High lipid and cholesterol levels are one of many potential contributors to an increased risk of coronary artery disease (heart disease), heart attacks and other health issues. With heart disease on the rise, it is important to understand how to best control your lipid/cholesterol levels.
What Is Cholesterol?
Cholesterol is a fat-like substance made by your liver; its main function is to make some of your hormones, vitamin D, and the substances that help you to digest food. While your body naturally makes all of the cholesterol that it needs, it can be found in many of the foods we eat (like eggs and red meat).

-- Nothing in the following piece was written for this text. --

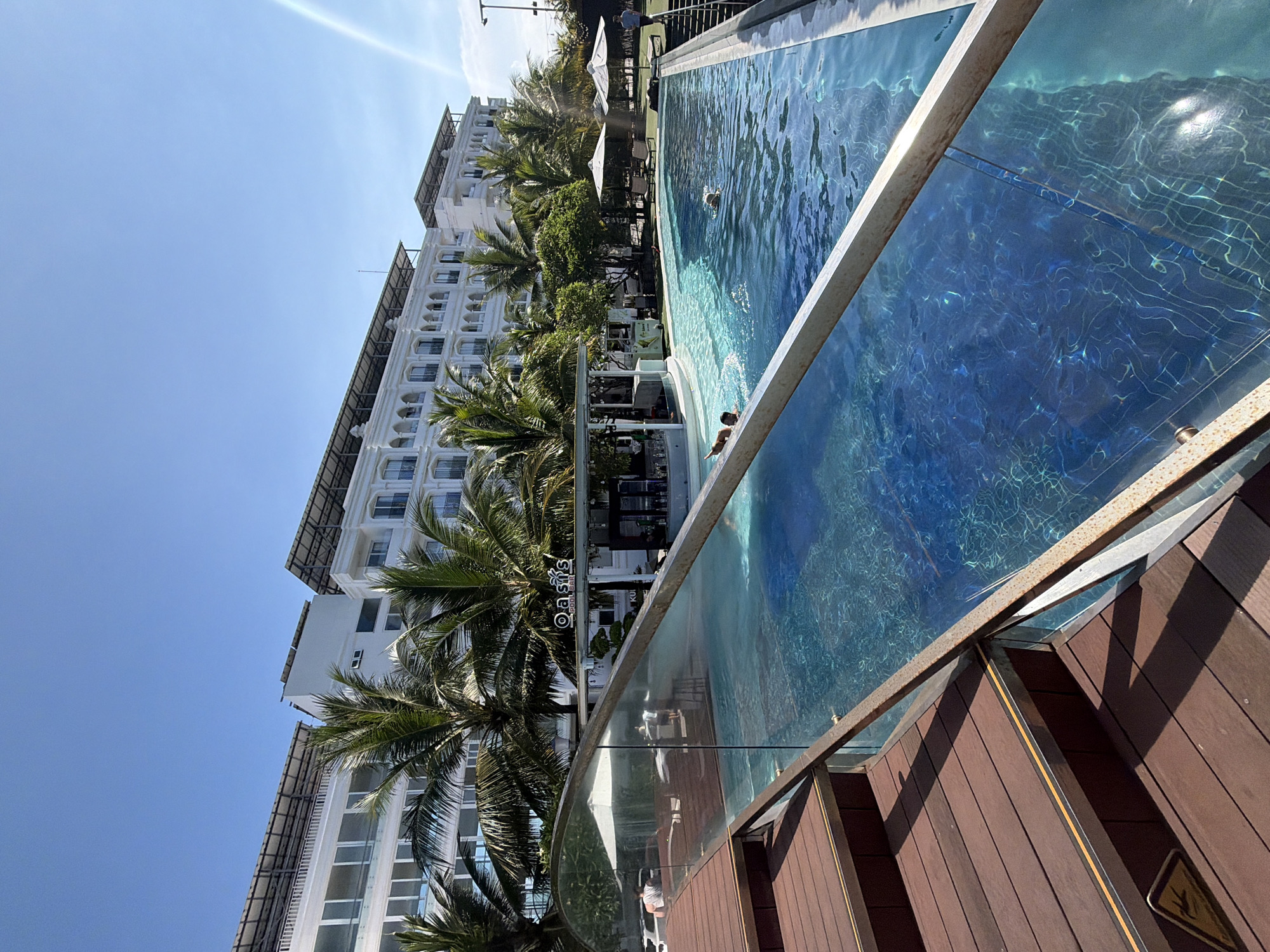 A sunlit exterior shot captures a resort-style swimming pool with a hotel building in the background. The hotel is a multi-story white structure with arched windows and balconies, topped with solar panels. Palm trees are scattered around the property. The pool, a vibrant blue, features steps leading into it and a swim-up bar labeled "Oasis Pool Bar." Several individuals are visible in the pool, with two people swimming and one person partially submerged. In the foreground, wooden stairs with a metal railing and a glass partition lead down to the pool area. The sky is a clear, bright blue with some lens flare on the right side.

There are two different types of cholesterol - low-density lipoproteins (known as LDL) and high-density lipoproteins (HDL). Lipoproteins are composed of both fat and protein made by your body. These proteins deliver other fats through your bloodstream and to your cells. LDL is generally known as the "bad" form of cholesterol, carrying the most of the substance into the blood. Too much LDL can combine with other substances to form plaque that sticks to the walls of our arteries. This build-up can eventually lead to a heart attack or stroke by reducing blood flow to the heart. Therefore, it is important to keep LDL levels low. In contrast, HDL, the "good" cholesterol, carries roughly one-fourth to one-third of the cholesterol in the blood. Research has shown that HDL may also remove some of the cholesterol that is deposited in your arteries, further reducing build-up.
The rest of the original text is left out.